In addition, the Council also decided to tighten control over the products’ movement in the region of Donbass.
It also tasked the government with developing measures to neutralize threats to Ukraine’s energy security and imposing a ban on anthracite exports from Ukraine. The government is also in charge of rebuilding transportation infrastructure damaged during a military operation in Donbass.
In late December 2016, a so-called Ukrainian volunteer fighters group declared a trade and economic blockade of the self-proclaimed Donetsk People's Republic (DPR) and Luhansk People’s Republic (LPR). According to the group, any trade operations with the self-proclaimed republics are illegal.
On Monday, Energy Minister Ihor Nasalyk said that the country's reserves of coal for energy-generating power plants may be depleted in up to 45 days if the blockade is not lifted.
Russian journalist and industrial expert Leonid Khazanov stressed that the measures Kiev is taking are insufficient to resolve the energy conundrum.
"Ukraine risks plunging in to an energy catastrophe, with all that it implies for people and the Ukrainian industrial sector. But if they [the government] had wanted to fight radicals they would have taken real measures, not just a decree. It seems that President Poroshenko has no control over the situation on railways or he fears an escalation," Khazanov told Radio Sputnik.
"The question now is where to buy coal. One option is supplies from Russia. Other variants include other foreign markets, but they are more expensive than shipments from Donbass or Russia," Khazanov pointed out.

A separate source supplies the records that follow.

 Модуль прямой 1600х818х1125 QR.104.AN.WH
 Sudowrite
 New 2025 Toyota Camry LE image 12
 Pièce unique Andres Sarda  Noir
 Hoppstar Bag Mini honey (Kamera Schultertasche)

He also underscored that if Ukraine decides to find other foreign suppliers not all of them will agree to work with Kiev due to its financial difficulties.

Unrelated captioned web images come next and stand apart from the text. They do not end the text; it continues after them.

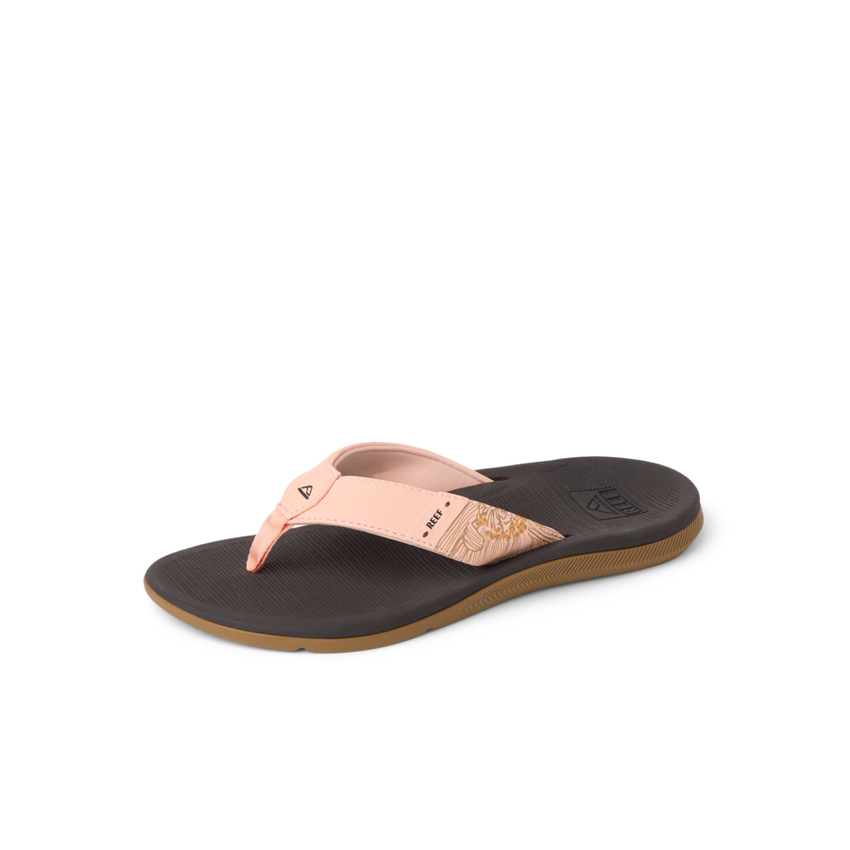 Santa Ana - Peach Parfait - Left Side View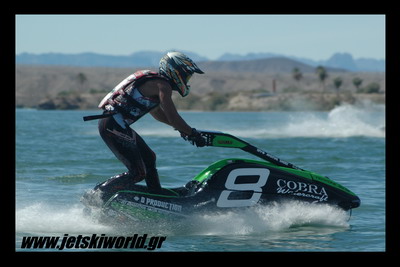 >Dardillats SX-R σε τεστ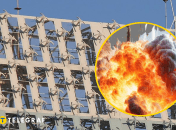 Станция "Воронеж-М"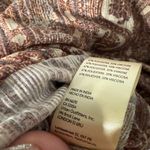 Free People Your Twisted Tank in Tea Combo, size Large. Brand New w/tags! Photo 9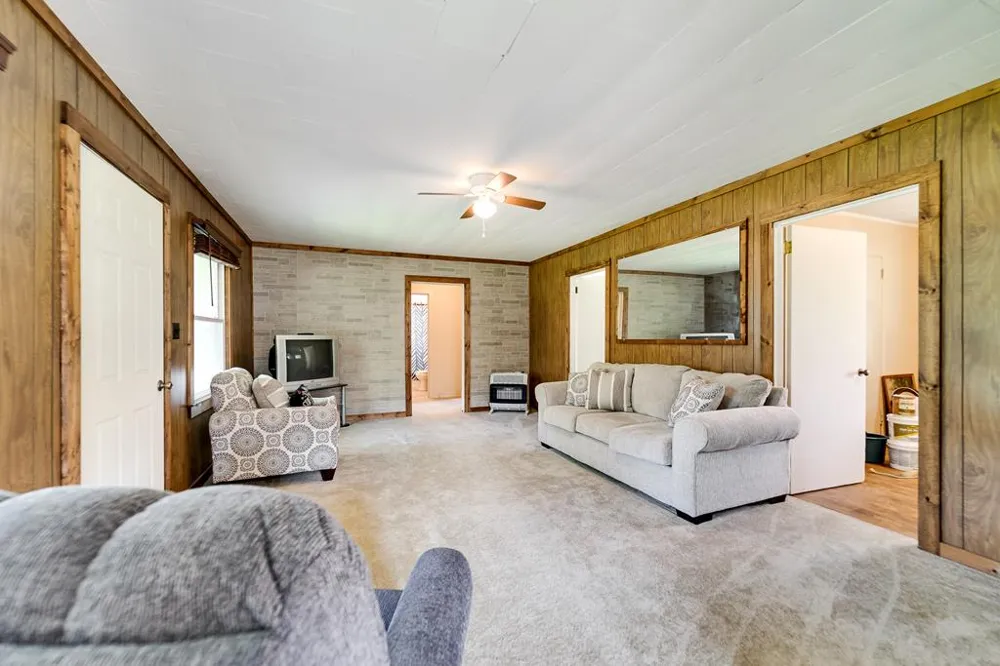 Bidwell Rd Whittier, NC 28789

"Ukraine doesn’t have money to afford such shipments. They could ask for help from the International Monetary Fund or the United States. But I don’t think they would give money. Western politicians are pragmatic. What can Poroshenko give in exchange? His loyalty [to the West] is not enough," Khazanov said.
According to him, the situation in the Ukrainian energy sector is a "deadlock."
"Maybe Kiev should initiate dialogue with Donbass or ask help from Russia. But Kiev-Moscow ties are very tense now. As I see, Ukraine is nearing a deadlock," he concluded.